Avukat Cevat Kazma, araçlarda yapılan hilenin hukuki literatürde “gizli ayıp” olduğunu belirterek araç sahiplerinin, aracın bedelinin iadesini, ayıpsız başka bir ürün ile değiştirilmesini ya da ayıp oranında indirim isteme hakları olduğuna dikkat çekti.
Alman otomobil üreticisi Volkswagen’in dizel motorlu araçlarda yaşadığı emisyon krizini nasıl çözeceği henüz tam anlamıyla netleşmedi. Şirketin dünya genelinde 11 milyon adet aracının geri çağrılmasını ve karşılaşacağı maddi kayıplar gündemdeki yerini koruyor. Ancak, araç sahiplerinin ne yapacağı konusundaki belirsizlik sürüyor. Geri çağrılan araçların ne kadar sürede sahiplerine teslim edileceğinin belirsiz olduğuna dikkat çeken Avukat Cevat Kazma, bu sürede kişilere geçici bir araç tahsis edilmesi gerektiğini belirtti.
Gizli Ayıp!
Ortaya çıkan emisyon hilesinin, hukuki olarak “gizli ayıp” olduğunun altını çizen Cevat Kazma, “Tüketici Kanunu’nda ayıplı ifada zaman aşımı süresi 2 yıldır. Ancak buradaki gizli ayıp, hile ve ağır kusur ile gizlendiği için zaman aşımı süresi geçersizdir. Tüketiciler, dilerse aracın bedelinin iadesini, ayıpsız başka bir ürün ile değiştirilmesini isteyebilir” şeklinde konuştu.
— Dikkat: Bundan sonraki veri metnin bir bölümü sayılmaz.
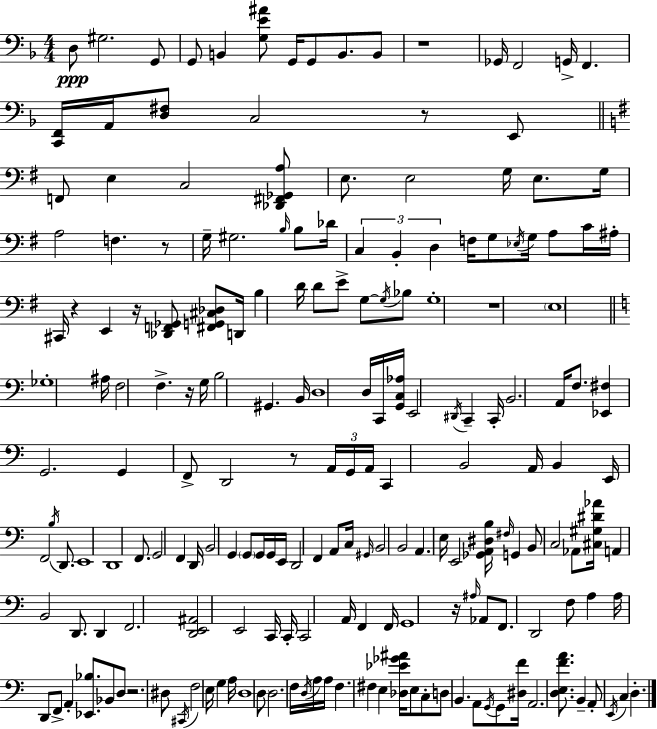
X:1
T:Untitled
M:4/4
L:1/4
K:F
D,/2 ^G,2 G,,/2 G,,/2 B,, [G,E^A]/2 G,,/4 G,,/2 B,,/2 B,,/2 z4 _G,,/4 F,,2 G,,/4 F,, [C,,F,,]/4 A,,/4 [D,^F,]/2 C,2 z/2 E,,/2 F,,/2 E, C,2 [_D,,^F,,_G,,A,]/2 E,/2 E,2 G,/4 E,/2 G,/4 A,2 F, z/2 G,/4 ^G,2 B,/4 B,/2 _D/4 C, B,, D, F,/4 G,/2 _E,/4 G,/4 A,/2 C/4 ^A,/4 ^C,,/4 z E,, z/4 [_D,,F,,_G,,]/2 [^F,,G,,^C,_D,]/2 D,,/4 B, D/4 D/2 E/2 G,/2 G,/4 _B,/2 G,4 z4 E,4 _G,4 ^A,/4 F,2 F, z/4 G,/4 B,2 ^G,, B,,/4 D,4 D,/4 C,,/4 [G,,C,_A,]/4 E,,2 ^D,,/4 C,, C,,/4 B,,2 A,,/4 F,/2 [_E,,^F,] G,,2 G,, F,,/2 D,,2 z/2 A,,/4 G,,/4 A,,/4 C,, B,,2 A,,/4 B,, E,,/4 F,,2 B,/4 D,,/2 E,,4 D,,4 F,,/2 G,,2 F,, D,,/4 B,,2 G,, G,,/2 G,,/4 G,,/4 E,,/4 D,,2 F,, A,,/2 C,/4 ^G,,/4 B,,2 B,,2 A,, E,/4 E,,2 [_G,,A,,^D,B,]/4 ^F,/4 G,, B,,/2 C,2 _A,,/2 [^C,^G,^D_A]/4 A,, B,,2 D,,/2 D,, F,,2 [D,,E,,^A,,]2 E,,2 C,,/4 C,,/4 C,,2 A,,/4 F,, F,,/4 G,,4 z/4 ^A,/4 _A,,/2 F,,/2 D,,2 F,/2 A, A,/4 D,,/2 F,,/2 A,, [_E,,_B,]/2 _B,,/2 D,/2 z2 ^D,/2 ^C,,/4 F,2 E,/4 G, A,/4 D,4 D,/2 D,2 F,/4 D,/4 A,/4 A,/4 F, ^F, E, [_D,_E_G^A]/4 E,/2 C,/2 D,/2 B,, A,,/2 G,,/4 G,,/2 [^D,F]/4 A,,2 [D,E,FA]/2 B,, A,,/2 E,,/4 C, D,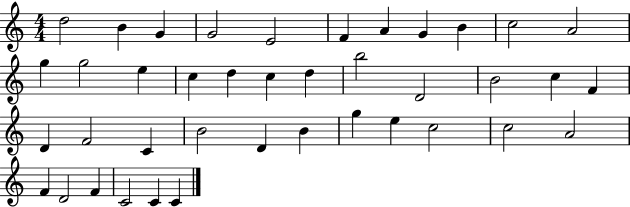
D5/h B4/q G4/q G4/h E4/h F4/q A4/q G4/q B4/q C5/h A4/h G5/q G5/h E5/q C5/q D5/q C5/q D5/q B5/h D4/h B4/h C5/q F4/q D4/q F4/h C4/q B4/h D4/q B4/q G5/q E5/q C5/h C5/h A4/h F4/q D4/h F4/q C4/h C4/q C4/q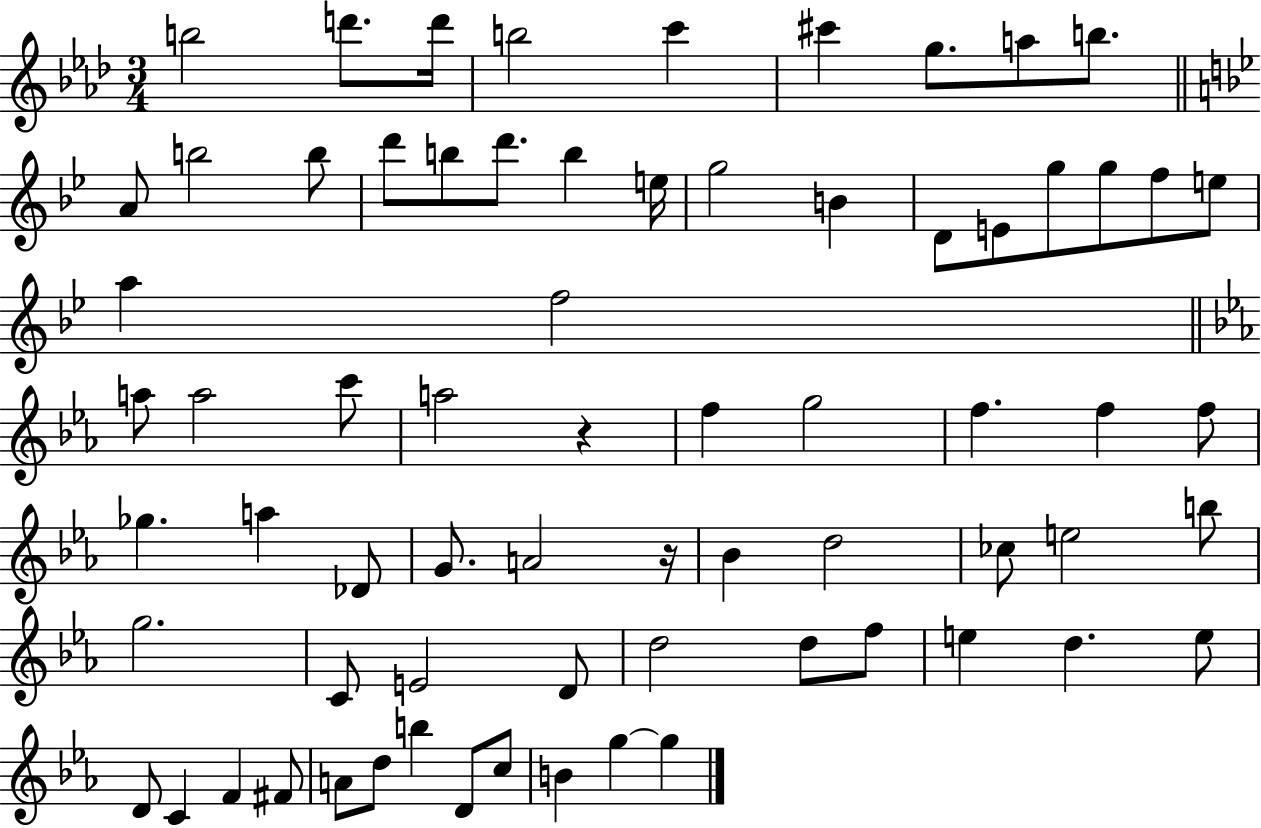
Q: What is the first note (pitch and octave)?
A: B5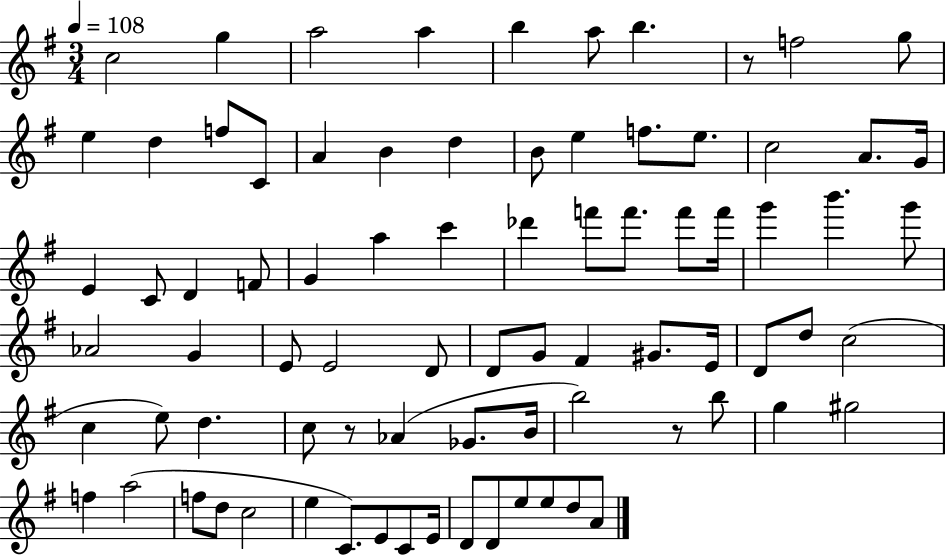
C5/h G5/q A5/h A5/q B5/q A5/e B5/q. R/e F5/h G5/e E5/q D5/q F5/e C4/e A4/q B4/q D5/q B4/e E5/q F5/e. E5/e. C5/h A4/e. G4/s E4/q C4/e D4/q F4/e G4/q A5/q C6/q Db6/q F6/e F6/e. F6/e F6/s G6/q B6/q. G6/e Ab4/h G4/q E4/e E4/h D4/e D4/e G4/e F#4/q G#4/e. E4/s D4/e D5/e C5/h C5/q E5/e D5/q. C5/e R/e Ab4/q Gb4/e. B4/s B5/h R/e B5/e G5/q G#5/h F5/q A5/h F5/e D5/e C5/h E5/q C4/e. E4/e C4/e E4/s D4/e D4/e E5/e E5/e D5/e A4/e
İthal Eden ve Satan Bayiler de Sorumlu
Söz konusu araçları ithal eden ve satan bayilerin de oluşan zarardan müteselsil işletme olarak sorumlu olduğuna dikkat çeken Cevat Kazma, “Bu durum nedeniyle zarar görenler, avukatları aracılığıyla ihtarname çekerek seçimlik haklarını kullanabilirler. Firma da araç sahiplerinin talebini 30 gün içerisinde yerini getirmek zorundadır. Araç sahipleri, talepleri yerine getirilmediği takdirde Tüketici Mahkemesine dava açarak zararını yasal faiziyle birlikte geri alabilir” şeklinde konuştu.
Türkiye’de satılan araçların %63’ünün dizel olması ve Volkswagen’in en çok satılan 3 otomobil markasından biri olması sebebiyle ülkemizde çok sayıda kişinin bu krizden etkilenebileceği söyleniyor.